We show comparison between the mapping results generated by sirFAST and the CG mapper using a real data set is in Table 3. We first downloaded 5,360,139,478 reads and their mapping output provided by the company from the Complete Genomics public data archive (URL provided above). We remapped the reads using sirFAST with a maximum edit distance of 2 to the reference human genome assembly (GRCh37) with the paired-end mapping options. Then, we removed PCR duplicates and obtained a total of 2,558,246,235 (47.73%) reads that mapped to GRCh37. Using the CG mapping files, and applied the same parameters (filter out those mappings with e > 2; and PCR duplicate removal). We observed that 2,450,884,557 (45.7%) of the reads were mapped by the official CG mapper. However, we also note that the CG mapper can also map reads with more errors, and the raw mapping ratio for CG was 50.79%. We note that the mapping ratio comparisons might be slightly different if other genomes are used for benchmarking. However, since the dataset we used is at extremely high depth (62.5X), we expect to observe only negligible differences in benchmarking other data sets. We also would like to point out that, the NA12878 genome was sequenced many times with many other HTS methods, which also lends itself for downstream analysis comparisons.

Table 3.

The comparison of sirFAST and CG mappers on the real data set (n=5,360,139,478 reads). We considered the mapping positions with at most 2 errors for both sirFAST and the CG mapper.

	sirFAST		CG mapper
Data set	Mapped	Mapping %	Mapped	Mapping %
NA12878	2,558,246,235	47.73	2,450,884,557	45.7

Open in a new tab

4. Conclusion

In this manuscript, we described the first publicly-available read mapper, sirFAST, designed to align reads generated by the Complete Genomics platform to the reference genome. The CG reads have very different properties when compared with data from other platforms. The reads are composed of several read sections where there may be overlaps or gaps in between. Our algorithms search for all possible combinations of expected gaps, while maintaining high sensitivity and mapping speed. Performance tests on both simulated and real data revealed high precision and recall rates in our mapping results with sirFAST.
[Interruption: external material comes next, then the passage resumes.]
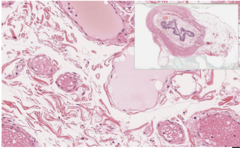 <p>Identify the type of connective tissue</p>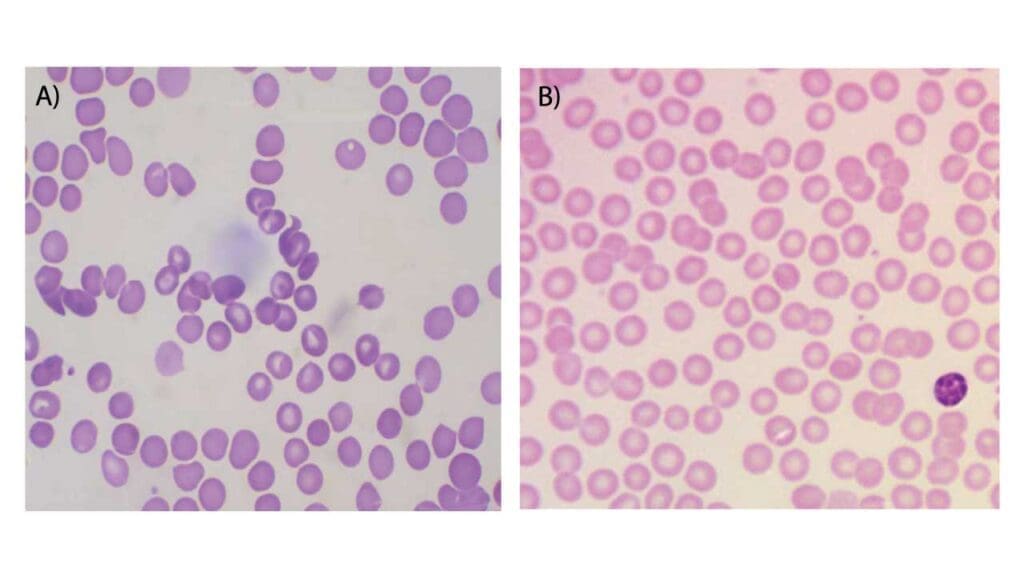 Different zones of a peripheral blood smear.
To develop sirFAST, we made a number of design choices, such as using combined seeds and calculating Hamming distance over the seeds instead of implementing the Smith-Waterman [25] algorithm, and using hash tables for seed lookups instead of using suffix arrays. We note that different choices may affect the performance slightly, and in practice, some designs may increase or decrease performance. However, theoretically, full dynamic programming requires O(n²) run time, where our combined seed approach takes O(kl) where k is the total gap size in the read, and l is the seed size (l = 10 in our dataset). ⁷ Similarly, we use hash tables for seed queries, which can be performed in O(1) time, where suffix index requires binary search that takes O(log n) time.
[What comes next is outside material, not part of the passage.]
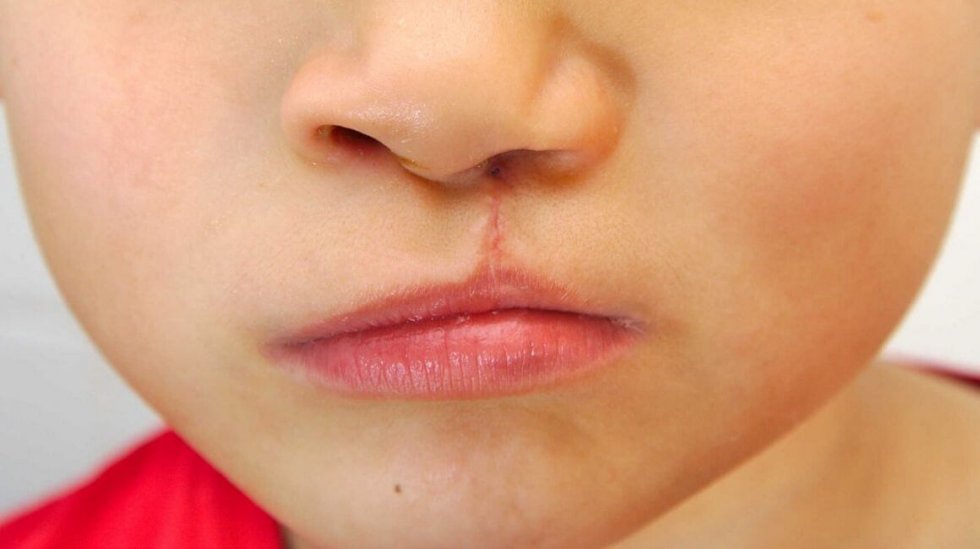 Zečja usna: uloga gena veća je nego se mislilo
Because of the relatively low cost of generating CG data, and because the CG data generation is provided as a service only, many researchers are now using the Complete Genomics service to analyze their genomes of interest. However, the lack of alternative analysis tools, from read mappers to SNP and SV callers, limit the discovery efforts to running a single set of proprietary algorithms developed by the Complete Genomics company. In fact, it is well known that different algorithms have different power in detection of genomic variants, especially structural variations [10, 28]. We hope and believe the open source implementation of our algorithms (sirFAST), which are introduced in this paper, will not only enable researchers and practitioners to more effectively use the Complete Genomics data sets but also pave the way to new research that can greatly improve the variation detection mechanisms for the Complete Genomics platform, thereby increasing the scientific community’s ability to find important genomic variants.

Acknowledgments

This study is supported by an NIH grant (HG006004) to C.A. and O.M. and a Marie Curie Career Integration Grant (PCIG-2011-303772) to C.A. under the Seventh Framework Programme. C.A. also acknowledges support from The Science Academy of Turkey, under the BAGEP program.

Footnotes

http://media.completegenomics.com/documents/DataFileFormats_Standard_Pipeline_2.5.pdf

Note that the negative gaps (overlaps) can be represented in a similar fashion with shorter seeds. For example if the expected gap distribution is within [−2,0] between two 10bp read sections, then corresponding spaced seeds would be 1¹⁸, 1¹⁹, and 1²⁰.

⁴

http://www.completegenomics.com/public-data/69-Genomes/

⁵

$Precision = \frac{T P}{T P + F P}$ where T P indicates the number of reads that map to the same position that was simulated and F P indicates the number of reads that map to a different position. However, the reads have the right insert size and orientation.

⁶

$Recall = \frac{T P}{T P + F N}$ where F N indicates the number of reads that map to a different position than that was simulated and the insert size or the read orientation is not as expected.

⁷

This run time estimation is calculated for the current read length and seed length, which may change if the read format drastically changes.

Competing Interests

The authors declare no competing interests.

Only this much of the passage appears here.